The first time I visited the famed Bern's Steak House in Tampa I was an 18-year-old baton twirler in town to perform at a college football game. My priorities at the time were:
1) Boys
2) Not dropping the baton
3) Not gaining weight as to look decent while trying to not drop the baton.

I have no idea what I ate at Bern's expect for a bite of gator appetizer, and I only remember that bite because I have a photo of it.

But now that my priorities have shifted, I've been curious about Bern's again because:
1) John T. Edge reviewed it recently in Garden & Gun
2) I read in Amanda Hesser's Cooking for Mr. Latte that Jeffrey Steingarten, food critic at Vogue, once called it the best restaurant in America
3) My boyfriend's mother lives in St. Petersburg, Florida, so I knew I'd be near Bern's on a trip we were planning over my furlough.

We decided to drive up from St. Pete for our Valentine's dinner. But it seems Bern's is one of those restaurants even with its fame (or maybe because of its fame) that locals try to talk you out of visiting. They say it's overrated, too expensive and old-fashioned, and yes, it's a bit of all those things. But it's also an *experience.* It's a "last meal" kind of restaurant as Tony aptly put it. And while I certainly don't aspire to become a regular, I'm glad we went.


Once seated at our table, we looked over the menu.
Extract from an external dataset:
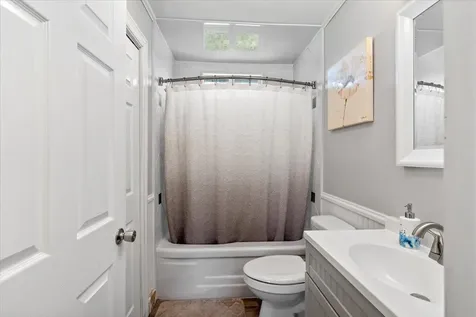 33 Sunset Circle Georgia VT 05468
It's sort of like steak math.


You choose your cut of meat, then thickness, and then how many people you want it to serve.

With the help of our waiter, I went with a 6-ounce Chateaubriand and Tony chose a 17-ounce porterhouse, the most aged steak on the menu. Each entree comes with choice of French onion soup and salad, which could not have thrilled me more.

The French onion arrived in a perfectly sized pewter bowl -- refreshingly smaller than most vessels for purchase in a modern-day Williams-Sonoma. Tony upgraded to the lobster bisque.

I also should add my favorite thing about our server. He kept offering tips on how to make our meal more enjoyable as if they were secrets he had never uttered to another soul. Born in Yugoslavia and raised in France, he's been at Bern's for 13 years. He sat down our soups and pointed to a tray of garlic melba toasts that had arrived earlier. "Crumble these into your soup," he said to me, in a near whisper. Then to Tony: "To your soup, do nothing."

I slid a cracker under the blanket of cheese into a deep brown liquid, thick with soft onions, and waited a minute. Divine. Tony's soup tasted rich and velvety with cream and butter. Drops of sherry glistened on top. He refused to try even one spoonful of my soup. "That would be like drinking orange juice after brushing my teeth," he said.

Our salads came next -- also perfect in size and with grated white cheddar and vegetables compartmentalized neatly rather than tossed together. The dressing arrived on the side. Before we had a chance to taste them, our server spooned some of Tony's dressing on another garlic toast and handed it to him. "Try on this," he whispered again. "Danish blue cheese, aged 6 months."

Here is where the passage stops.